DATA PROVIDED:
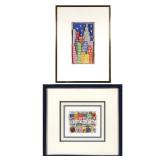 (2pc) JAMES RIZZI (AMERICAN, 1950-2011) CUT LITHOGRAPHS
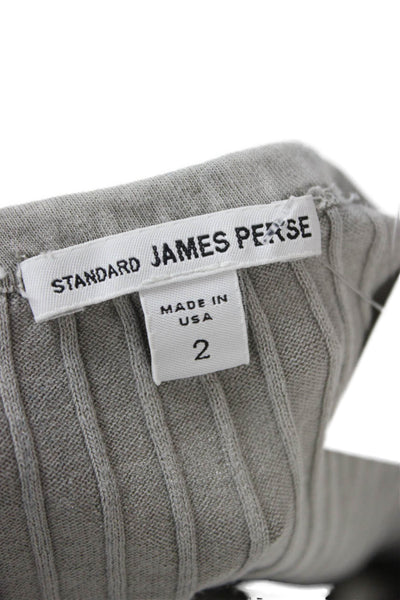 Standard James Perse Women Basic Striped Cotton Tank Gray Size 2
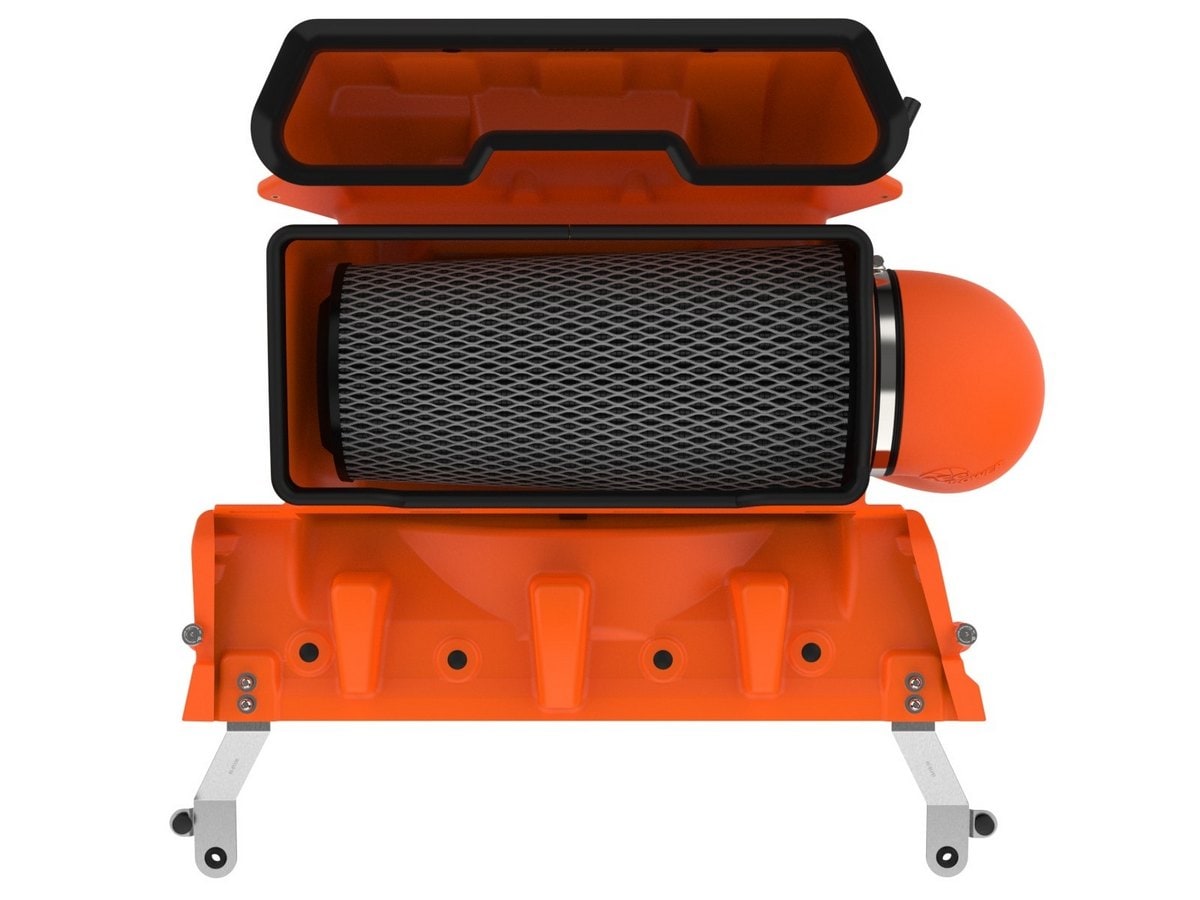 Система холодного впуска Magnum FORCE Stage-2 Orange Edition, с фильтром Black Pro 5R для RAM 1500 TRX 2021–2024 V8-6.2L (sc), AFE Power — фото 6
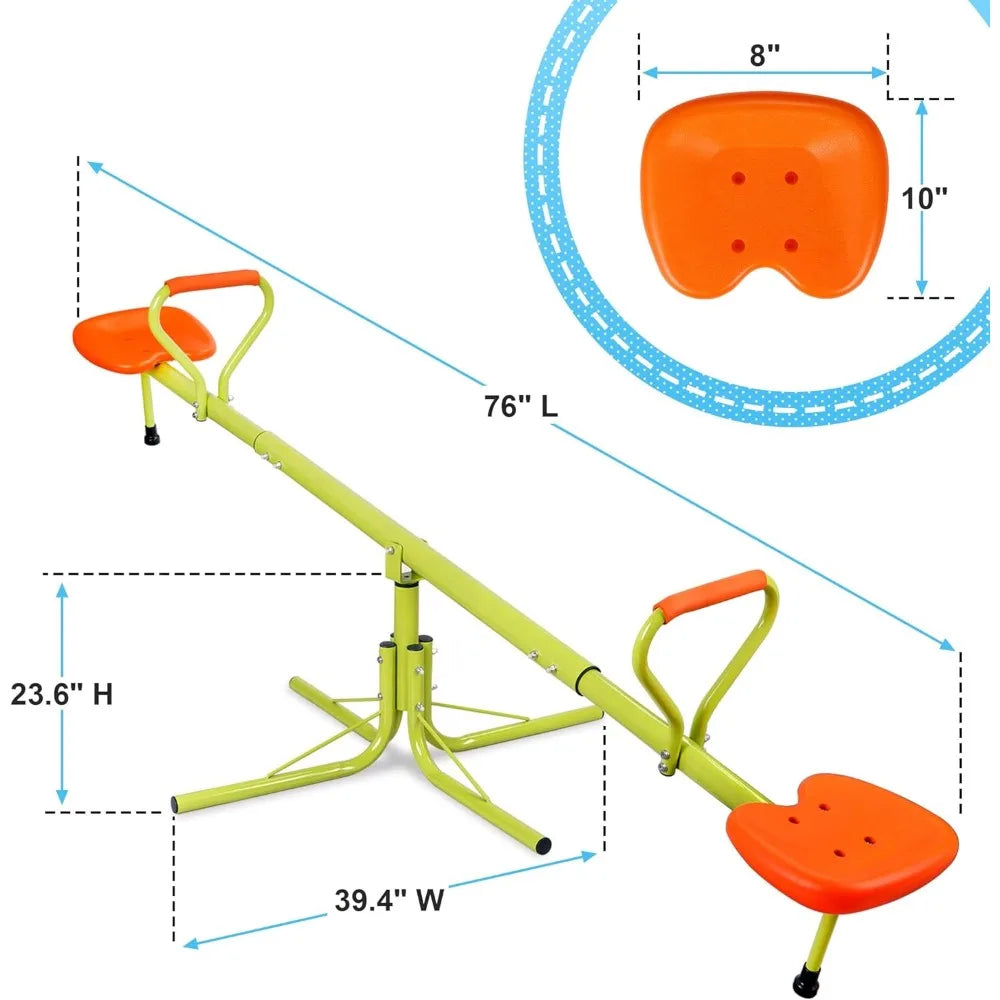 Kids Seesaw 360 Degree Rotation Safe Swivel Teeter Totter Outdoor Indoor Home Playground Equipment Set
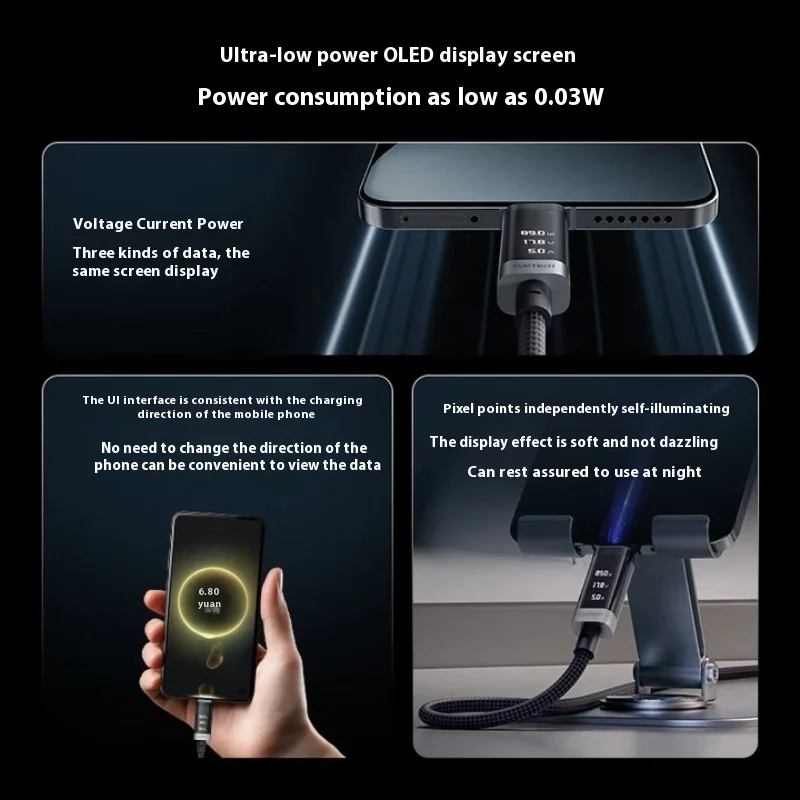 CUKTECH No.6 Cable USB-C con pantalla digital trenzada - Coche/hombre de carga rápida PD tipo C dual para iPhone 16 Pro Max/MacBook/Xiaomi 15 - imagen 5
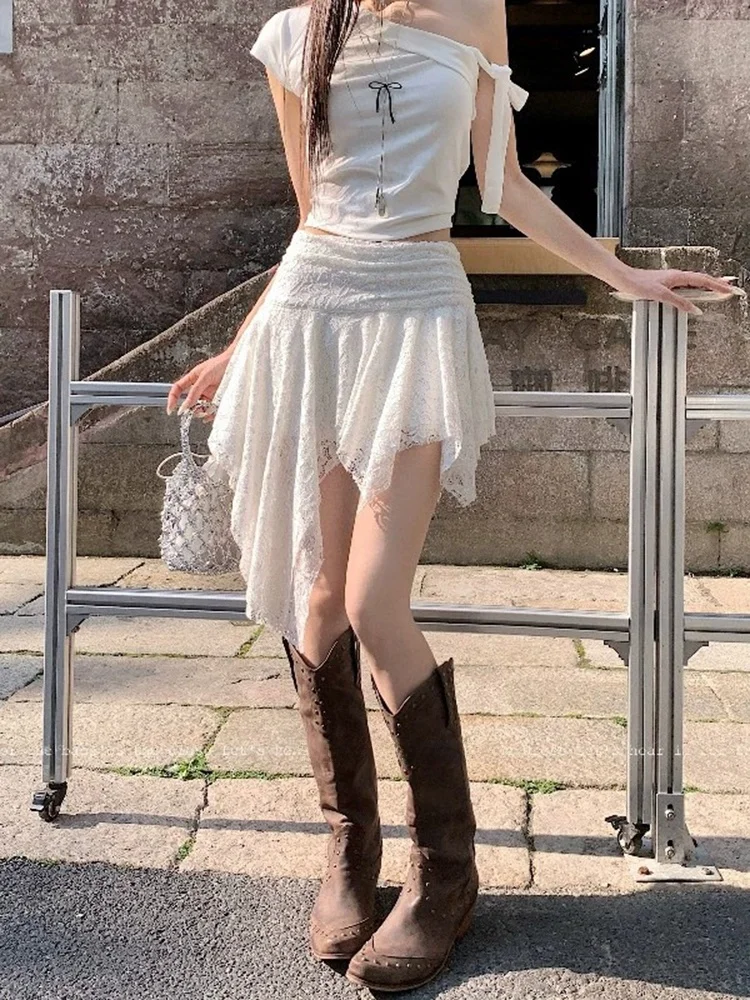 High Waist Lace Insert Half Skirt Double Layer Pure Color Asymmetrical Design Korean Style Commute A-Line Skirt Polyester Fabric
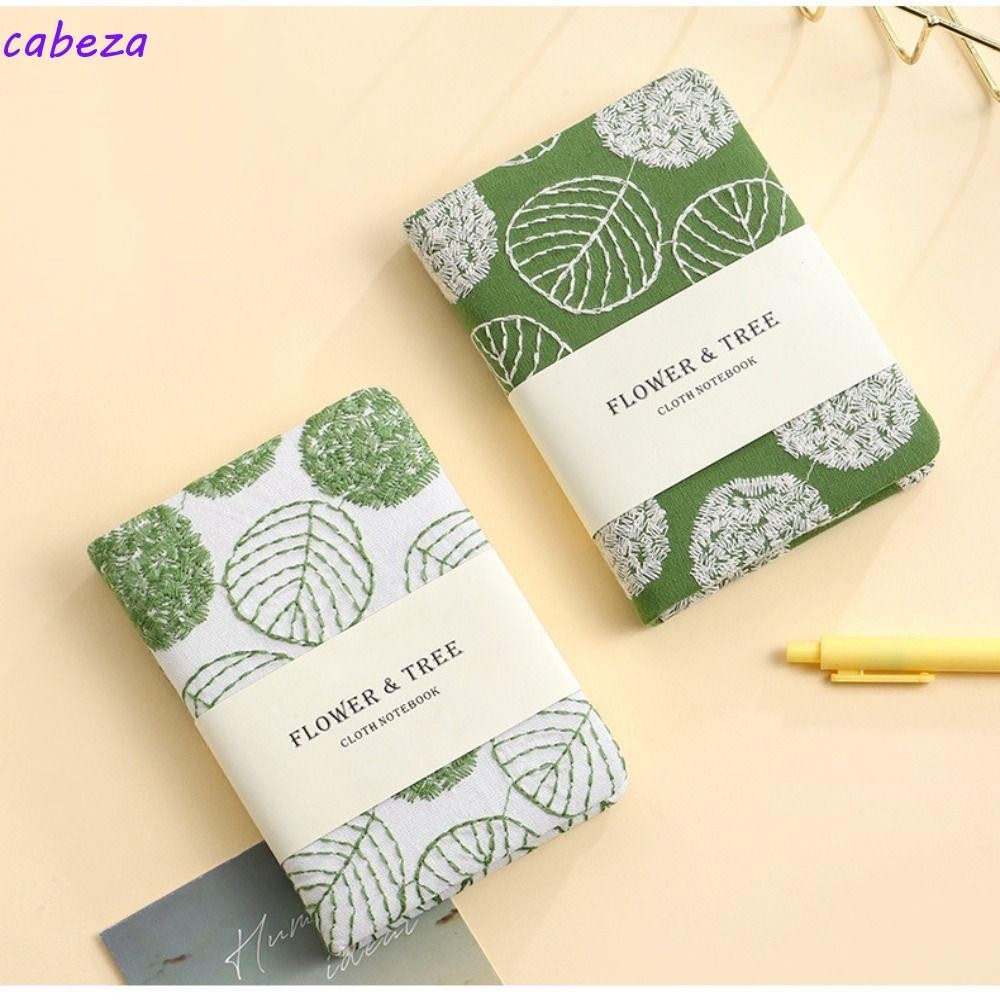 CABEZA Leaf Hand Ledger , Caderno Bordado Compacto Com Estilo , Capa De Tecido Criativo De Algodão Encadernação De Bolso Multiuso Estudante De Livro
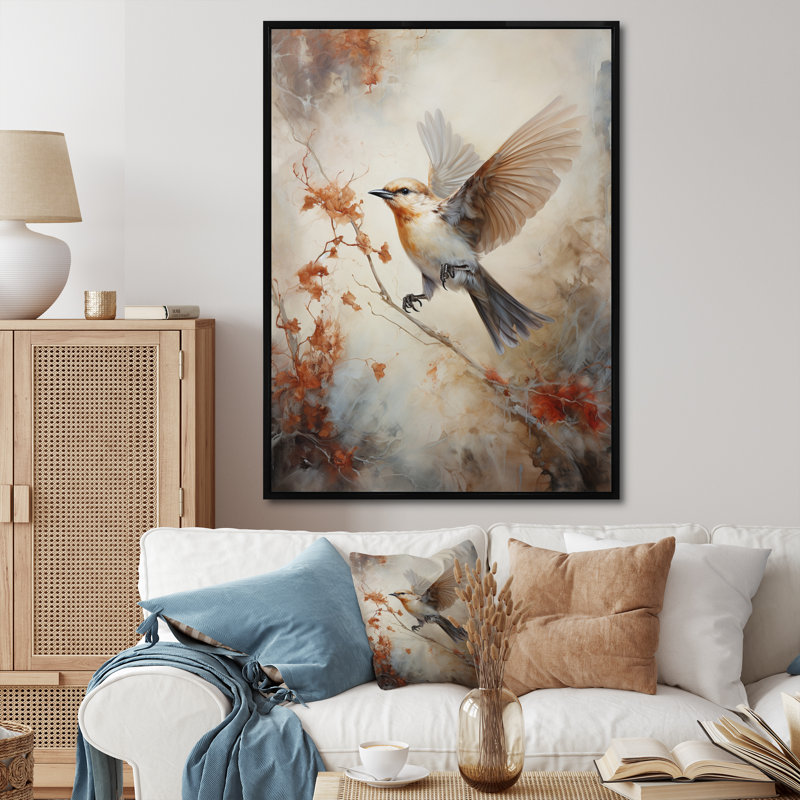 Bird Wings Of Wonder - animaux, art mural, salon, H 32 po x l 24 po x P 1 po, Cadre flottant noir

EXERCISE REQUIREMENTS:
Print the listing again exactly, please. Keep the pictures out of it.

EXERCISE RESULT:
 (2pc) JAMES RIZZI (AMERICAN, 1950-2011) CUT LITHOGRAPHS
 Standard James Perse Women Basic Striped Cotton Tank Gray Size 2
 Система холодного впуска Magnum FORCE Stage-2 Orange Edition, с фильтром Black Pro 5R для RAM 1500 TRX 2021–2024 V8-6.2L (sc), AFE Power — фото 6
 Kids Seesaw 360 Degree Rotation Safe Swivel Teeter Totter Outdoor Indoor Home Playground Equipment Set
 CUKTECH No.6 Cable USB-C con pantalla digital trenzada - Coche/hombre de carga rápida PD tipo C dual para iPhone 16 Pro Max/MacBook/Xiaomi 15 - imagen 5
 High Waist Lace Insert Half Skirt Double Layer Pure Color Asymmetrical Design Korean Style Commute A-Line Skirt Polyester Fabric
 CABEZA Leaf Hand Ledger , Caderno Bordado Compacto Com Estilo , Capa De Tecido Criativo De Algodão Encadernação De Bolso Multiuso Estudante De Livro
 Bird Wings Of Wonder - animaux, art mural, salon, H 32 po x l 24 po x P 1 po, Cadre flottant noir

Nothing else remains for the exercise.